• What this task involves
The answer must be the lines from the one that holds "Nurcry Latidos de" through the final line of the data, copied exactly, with no pictures.

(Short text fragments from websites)
::::::::

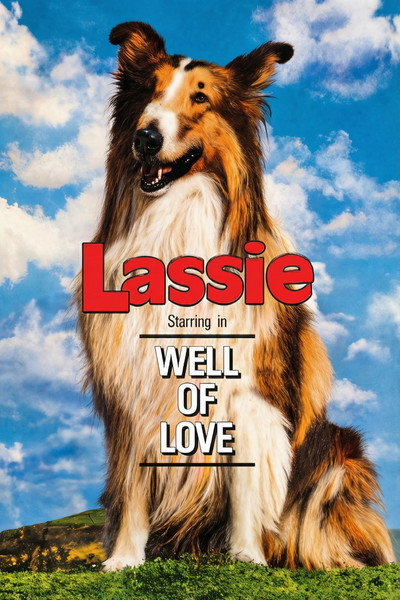 Póster de Lassie: Well of Love
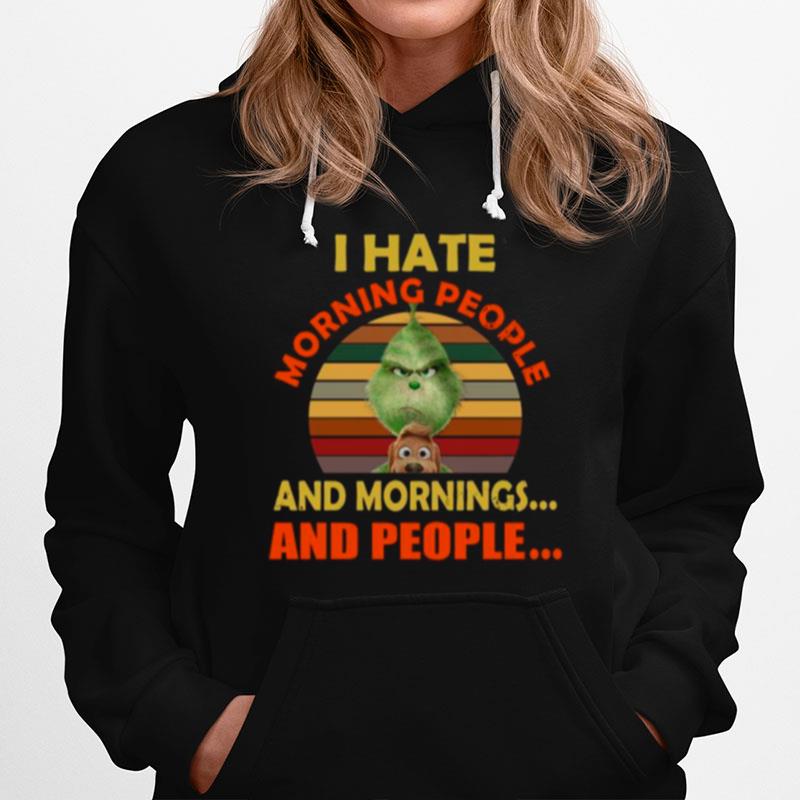 The Grinch I Hate Morning People And Mornings And People Vintage Hoodie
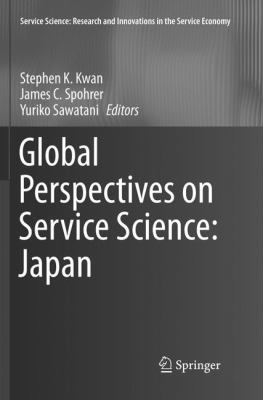 Global Perspectives on Service Science: Japan 1493980882 Book Cover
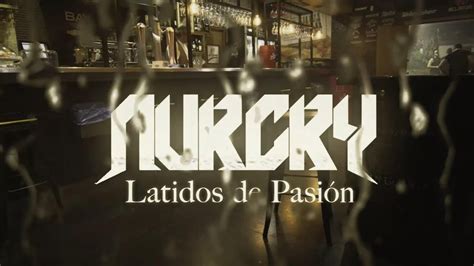 Nurcry Latidos de Pasión Videoclip oficial YouTube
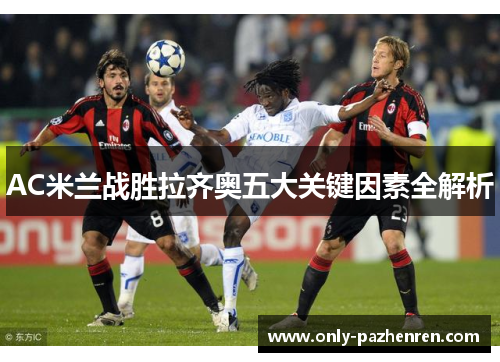 AC米兰战胜拉齐奥五大关键因素全解析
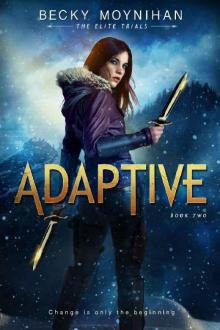 Adaptive: A Young Adult Dystopian Romance (The Elite Trials Book 2)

::::::::

• Response to this exercise
 Nurcry Latidos de Pasión Videoclip oficial YouTube
 AC米兰战胜拉齐奥五大关键因素全解析
 Adaptive: A Young Adult Dystopian Romance (The Elite Trials Book 2)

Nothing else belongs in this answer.